In this issue of Toxic News, four authors address the toxic cycle involving natural resources and their devastating impact upon the environment and people’s lives in different geographical regions. In “Coal Mining, Ecological and Environmental Disasters in China”, Zhang Yulin uses statistics to illustrate the severe ecological disasters caused by coal mining in Shanxi Province and villagers’ suffering of living in fear in houses on top of hollowed and sinking land that might collapse at any minute. On the other side of the Earth, in La Oroya in Peru, social and economic crisis have been accompanying the opening and closing of lead factories. In “Lead, Politics and Community”, Pamela Neumann illustrates how the Peruvian town was transformed from a small community to a major metal factory that resulted in dangerously high levels of lead and sulfur dioxide exposure among its inhabitants, particularly children. She presents the dilemma of living on contaminated land and the fear of losing place-identity if the inhabitants were to move away. In “Into a Frozen Inferno: Personal and Historical Trajectories in Monchegorsk”, Andy Bruno draws upon his new book ‘The Nature of Soviet Power’, and tells his personal experience of travelling and researching the sordid history of industrial pollution on the Kola Peninsula in the post-Soviet north. The fourth article, “Toxic Canals” by Simona Grano, takes us to southern Europe, to Venice, the picturesque canal city, not to understand its grand history, culture and civilization, but its comparatively invisible toxic canals surrounded by chemical plants with flare towers standing tall.
In this issue, we also have articles relating to issues of climate change, green labelling, electronic waste, and nuclear testing.
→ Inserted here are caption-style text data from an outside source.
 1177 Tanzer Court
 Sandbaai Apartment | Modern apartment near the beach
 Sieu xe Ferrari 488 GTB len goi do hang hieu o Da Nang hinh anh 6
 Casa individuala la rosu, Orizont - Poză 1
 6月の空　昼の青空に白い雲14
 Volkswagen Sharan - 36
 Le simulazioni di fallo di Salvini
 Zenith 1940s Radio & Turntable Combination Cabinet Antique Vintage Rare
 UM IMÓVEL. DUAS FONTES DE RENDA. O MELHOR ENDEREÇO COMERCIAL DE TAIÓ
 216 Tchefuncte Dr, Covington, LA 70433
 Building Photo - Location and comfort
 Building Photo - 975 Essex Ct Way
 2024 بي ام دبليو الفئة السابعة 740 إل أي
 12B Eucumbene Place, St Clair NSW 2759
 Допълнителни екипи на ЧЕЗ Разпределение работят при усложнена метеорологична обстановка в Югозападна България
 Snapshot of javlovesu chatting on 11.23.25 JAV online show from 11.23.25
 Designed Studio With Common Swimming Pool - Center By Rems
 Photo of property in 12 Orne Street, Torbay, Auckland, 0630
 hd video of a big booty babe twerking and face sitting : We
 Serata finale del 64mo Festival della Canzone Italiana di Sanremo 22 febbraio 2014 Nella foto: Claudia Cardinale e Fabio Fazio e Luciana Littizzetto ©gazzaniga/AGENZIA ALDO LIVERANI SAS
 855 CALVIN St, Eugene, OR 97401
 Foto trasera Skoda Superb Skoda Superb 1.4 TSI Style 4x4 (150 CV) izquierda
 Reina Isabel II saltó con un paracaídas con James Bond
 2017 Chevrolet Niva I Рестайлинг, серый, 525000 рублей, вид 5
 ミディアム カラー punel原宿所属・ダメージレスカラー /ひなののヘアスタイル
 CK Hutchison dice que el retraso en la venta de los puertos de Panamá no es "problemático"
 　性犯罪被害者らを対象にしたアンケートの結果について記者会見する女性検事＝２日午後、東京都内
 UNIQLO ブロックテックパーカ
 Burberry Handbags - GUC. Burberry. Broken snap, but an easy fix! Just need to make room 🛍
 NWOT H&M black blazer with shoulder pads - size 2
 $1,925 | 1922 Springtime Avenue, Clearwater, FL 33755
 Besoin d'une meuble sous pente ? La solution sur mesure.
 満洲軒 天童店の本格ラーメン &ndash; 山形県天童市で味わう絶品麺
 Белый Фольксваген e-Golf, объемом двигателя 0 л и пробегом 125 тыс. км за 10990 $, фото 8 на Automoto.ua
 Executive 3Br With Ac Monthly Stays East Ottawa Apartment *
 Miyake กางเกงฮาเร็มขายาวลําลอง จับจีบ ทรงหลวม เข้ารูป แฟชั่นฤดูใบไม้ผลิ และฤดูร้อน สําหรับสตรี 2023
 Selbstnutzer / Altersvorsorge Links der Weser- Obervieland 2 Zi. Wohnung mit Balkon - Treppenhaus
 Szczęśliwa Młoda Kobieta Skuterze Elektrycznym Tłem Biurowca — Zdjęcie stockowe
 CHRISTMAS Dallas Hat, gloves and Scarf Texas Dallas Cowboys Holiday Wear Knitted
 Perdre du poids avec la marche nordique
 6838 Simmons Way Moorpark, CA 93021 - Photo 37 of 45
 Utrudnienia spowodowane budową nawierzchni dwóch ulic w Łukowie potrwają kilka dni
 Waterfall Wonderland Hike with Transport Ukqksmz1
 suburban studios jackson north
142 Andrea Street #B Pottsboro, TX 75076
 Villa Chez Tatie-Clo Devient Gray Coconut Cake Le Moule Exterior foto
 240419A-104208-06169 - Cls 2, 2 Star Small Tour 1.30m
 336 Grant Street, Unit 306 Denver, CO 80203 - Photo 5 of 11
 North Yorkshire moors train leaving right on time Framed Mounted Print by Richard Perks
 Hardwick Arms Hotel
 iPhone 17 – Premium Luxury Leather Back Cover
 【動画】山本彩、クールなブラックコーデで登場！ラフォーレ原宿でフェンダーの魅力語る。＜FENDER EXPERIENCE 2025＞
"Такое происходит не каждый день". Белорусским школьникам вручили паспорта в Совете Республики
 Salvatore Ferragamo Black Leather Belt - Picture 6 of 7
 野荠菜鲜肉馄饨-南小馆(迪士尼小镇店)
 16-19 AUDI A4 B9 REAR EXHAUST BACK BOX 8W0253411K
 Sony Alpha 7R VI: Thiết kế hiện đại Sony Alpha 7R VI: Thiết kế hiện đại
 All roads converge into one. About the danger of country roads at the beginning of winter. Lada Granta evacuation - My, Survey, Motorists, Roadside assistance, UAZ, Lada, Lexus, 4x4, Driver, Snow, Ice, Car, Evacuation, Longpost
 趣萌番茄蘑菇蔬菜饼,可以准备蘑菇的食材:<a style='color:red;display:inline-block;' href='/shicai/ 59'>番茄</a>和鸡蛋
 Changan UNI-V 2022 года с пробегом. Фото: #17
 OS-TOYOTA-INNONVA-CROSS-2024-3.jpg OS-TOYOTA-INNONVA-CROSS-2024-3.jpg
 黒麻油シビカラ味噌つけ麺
In “Climate Change, Eco-Labelling, Corporate and Consumer Responsibility”, India Holme leads us to a journey starting from the (non)recycling of pizza boxes and the sustainability life cycle of a plastic water bottle to our daily consumption, its relation to climate change and its impact upon the global south, and to government regulation, business obligation of informative labeling, and consumer responsibility. Yvan Schulz makes thoughtful analysis in “Toxic E-Waste, Oriented Science” about electronic waste recycle factories in southern China and the limit of science in understanding environmental pollution and toxicity. Lastly but by no means least, in “Grapple Slings and Moonshine: Conversations with the men who tested atomic weapons on Christmas Island”, Becky Alexis-Martin draws upon her ongoing research about the lives and experiences of the families of British nuclear test veterans. She tells vivid stories of two soldiers who travelled far from their families and homes to test nuclear bombs during the Cold War.